In No Particular Order

Things Are Portraits


There is something deeply mystifying about the notion of talent. A talent is an individual with an aura; with a special quality that emanates from within. But what is our understanding of this aura? Is it innate, is it acquired, is it circumstantial? The fact that it remains elusive makes it all the more alluring. The special status of being deemed a talent shrouds the notion of who someone is and what they do in a veil of mystery.


Having been invited to curate an exhibition of 21 professionals who had been awarded the Stimuleringsfonds 2013 – 2014 grant for talent development, I wanted to present a view of talent that is more sensible. I wanted to separate the mystery that is wrapped up in the notion of talent from the actual qualities, ingredients and other factors that go into the making and honing of talent. I hoped that such an approach would make the talents more accessible, more relatable, more ordinary--which I believed would reveal what in fact makes them extraordinary.


I began to conceive of this publication, alongside the exhibition, as a database with 21 collections--a visual inventory of the essential elements of a work practice, and of the factors that play a role in talent development. Everything from tools, to techniques, to influential books, role models and letters from family members were collected. Each entry into the database offers a bit of insight into who the talents are, how they work and what they care about, and represents the first step of an eventual analysis and synthesis. It is an act of deconstruction that asks us to reconstruct it again.


This book presents the collections individually, in a somewhat logical order - from tools to sketches, models, prototypes, works and references. In addition, the database organises the exhibition into a series of collections: letters from family members, a collection of references, a collection of tools and techniques, and the finished works.
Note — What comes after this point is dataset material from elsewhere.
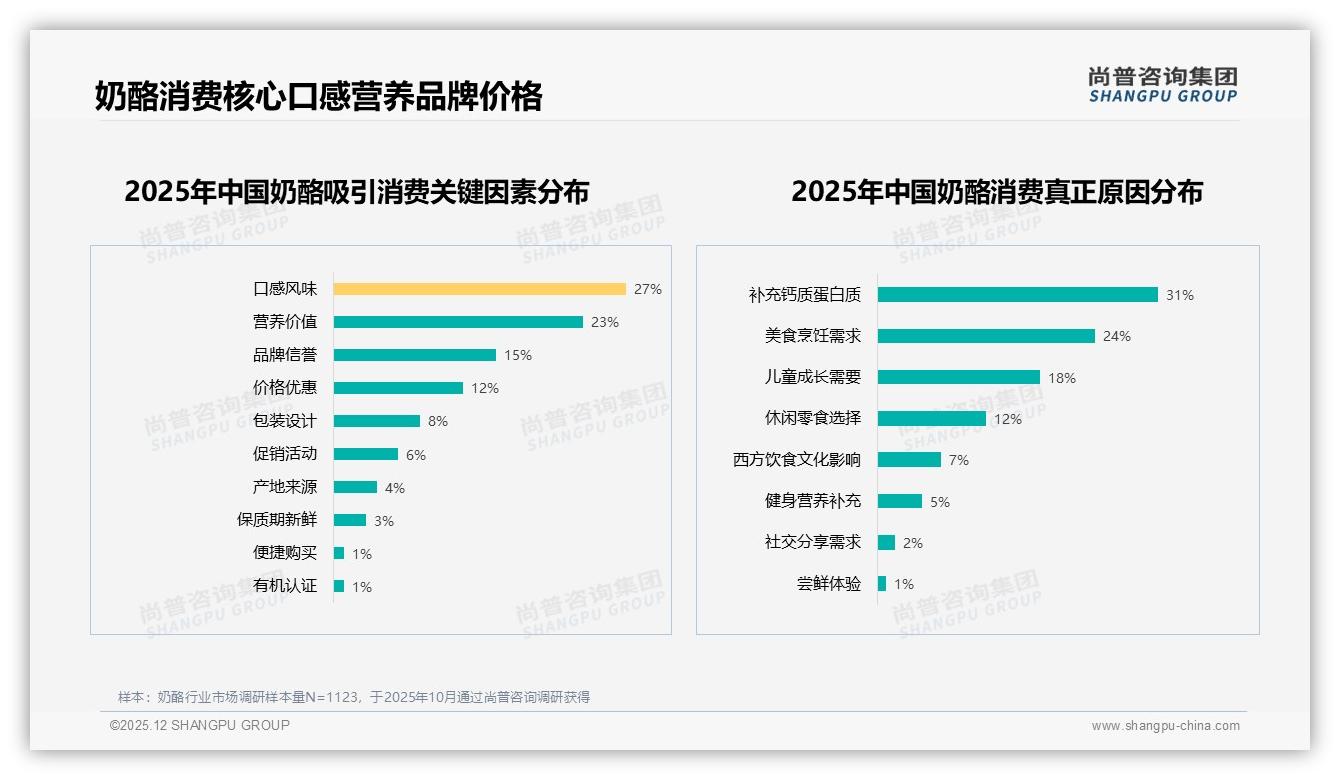 抖音奶酪销售81%份额一骑绝尘，尚普咨询集团品类洞察-2025年12月-奶酪-38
By compiling and rearranging the various processes, the exhibition generates a collective library, a common workshop, a shared physical presence and the sense of a shared history and a shared present. This is what the publication and the website also invites you to do.


“Things are portraits”, photographer Johannes Schwartz once messaged me. This collection represents the individuals via their sketchbooks, their libraries, their drawers, their working methods and their headspaces. It is a snapshot of the working ethos of a young generation.